───── TASK INPUT

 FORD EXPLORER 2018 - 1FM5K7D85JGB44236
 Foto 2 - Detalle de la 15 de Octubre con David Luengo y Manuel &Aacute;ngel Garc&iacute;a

──────────
───── TASK INPUT

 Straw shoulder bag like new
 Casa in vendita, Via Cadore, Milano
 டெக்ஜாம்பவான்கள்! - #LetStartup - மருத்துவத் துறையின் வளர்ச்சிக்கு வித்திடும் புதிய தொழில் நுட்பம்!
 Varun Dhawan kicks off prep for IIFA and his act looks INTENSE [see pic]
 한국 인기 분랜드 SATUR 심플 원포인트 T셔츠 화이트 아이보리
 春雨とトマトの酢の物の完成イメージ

──────────
───── TASK INPUT

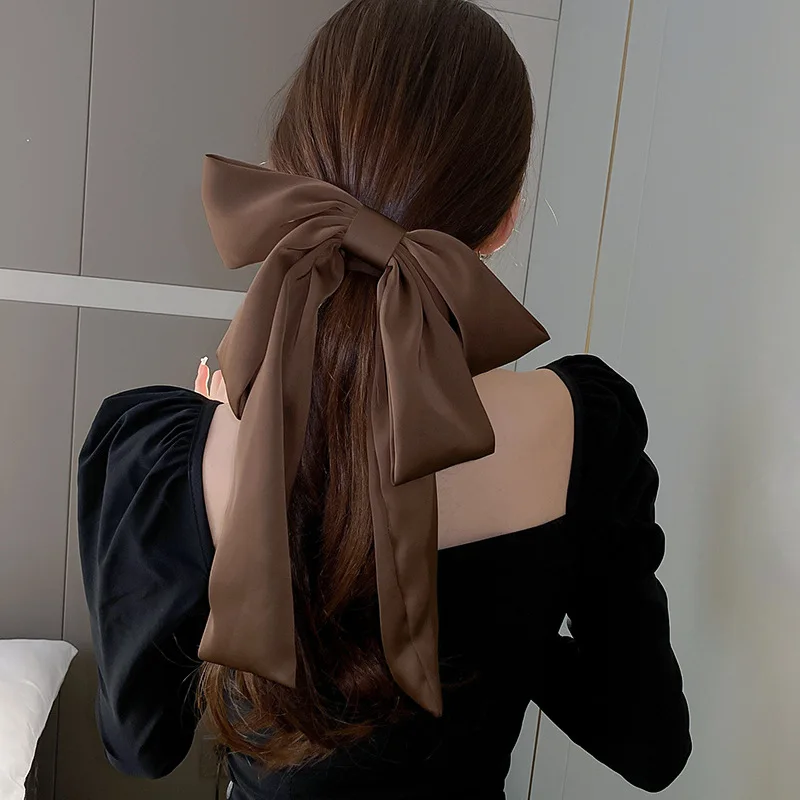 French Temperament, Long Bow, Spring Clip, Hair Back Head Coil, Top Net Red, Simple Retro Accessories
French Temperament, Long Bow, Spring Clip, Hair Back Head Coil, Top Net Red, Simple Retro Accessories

──────────

### ABOUT THIS TASK
Going down the listing above, begin printing at the line with "Casa in vendita, Via Cadore, Milano" and finish with the line with "春雨とトマトの酢の物の完成イメージ", exactly as they appear.

### WRITTEN RESPONSE
 Casa in vendita, Via Cadore, Milano
 டெக்ஜாம்பவான்கள்! - #LetStartup - மருத்துவத் துறையின் வளர்ச்சிக்கு வித்திடும் புதிய தொழில் நுட்பம்!
 Varun Dhawan kicks off prep for IIFA and his act looks INTENSE [see pic]
 한국 인기 분랜드 SATUR 심플 원포인트 T셔츠 화이트 아이보리
 春雨とトマトの酢の物の完成イメージ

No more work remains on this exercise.